**What you should do**
In the entries that follow, the line with "Brown Mountain Tent logo design" opens the range and the line with "1D7HU18ZX2J197309 - 2002" closes it; repeat that range exactly, both lines included.
╭─ Dataset excerpts
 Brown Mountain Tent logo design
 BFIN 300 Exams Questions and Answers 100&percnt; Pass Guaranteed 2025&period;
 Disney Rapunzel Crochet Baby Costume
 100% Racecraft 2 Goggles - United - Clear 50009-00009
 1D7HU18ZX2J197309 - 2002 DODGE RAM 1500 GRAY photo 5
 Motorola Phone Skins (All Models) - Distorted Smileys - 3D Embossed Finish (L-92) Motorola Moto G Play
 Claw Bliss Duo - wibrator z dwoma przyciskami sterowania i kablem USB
╰─
╭─ Dataset excerpts
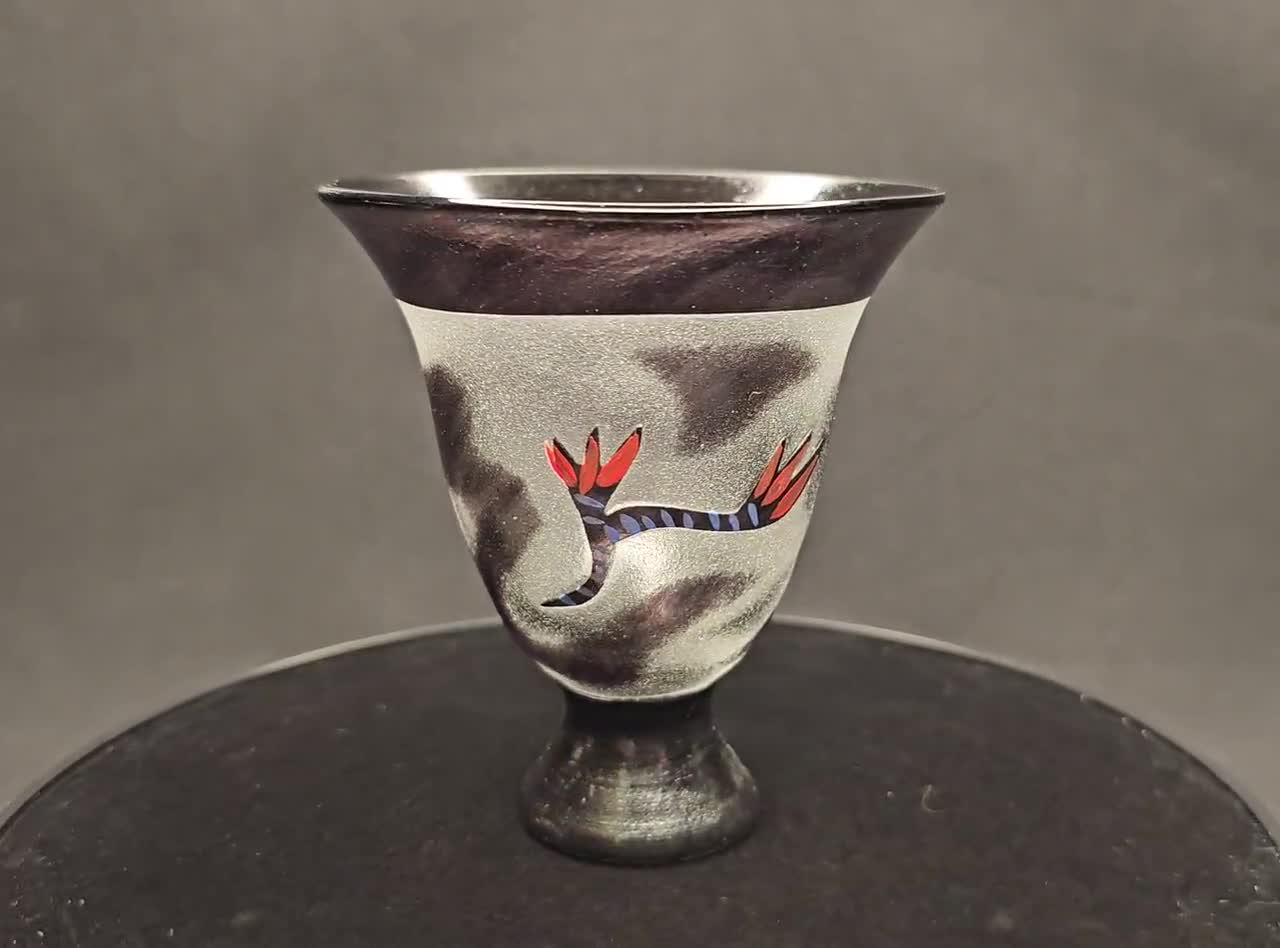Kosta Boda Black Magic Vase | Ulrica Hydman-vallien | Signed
╰─
**Exercise solution**
 Brown Mountain Tent logo design
 BFIN 300 Exams Questions and Answers 100&percnt; Pass Guaranteed 2025&period;
 Disney Rapunzel Crochet Baby Costume
 100% Racecraft 2 Goggles - United - Clear 50009-00009
 1D7HU18ZX2J197309 - 2002 DODGE RAM 1500 GRAY photo 5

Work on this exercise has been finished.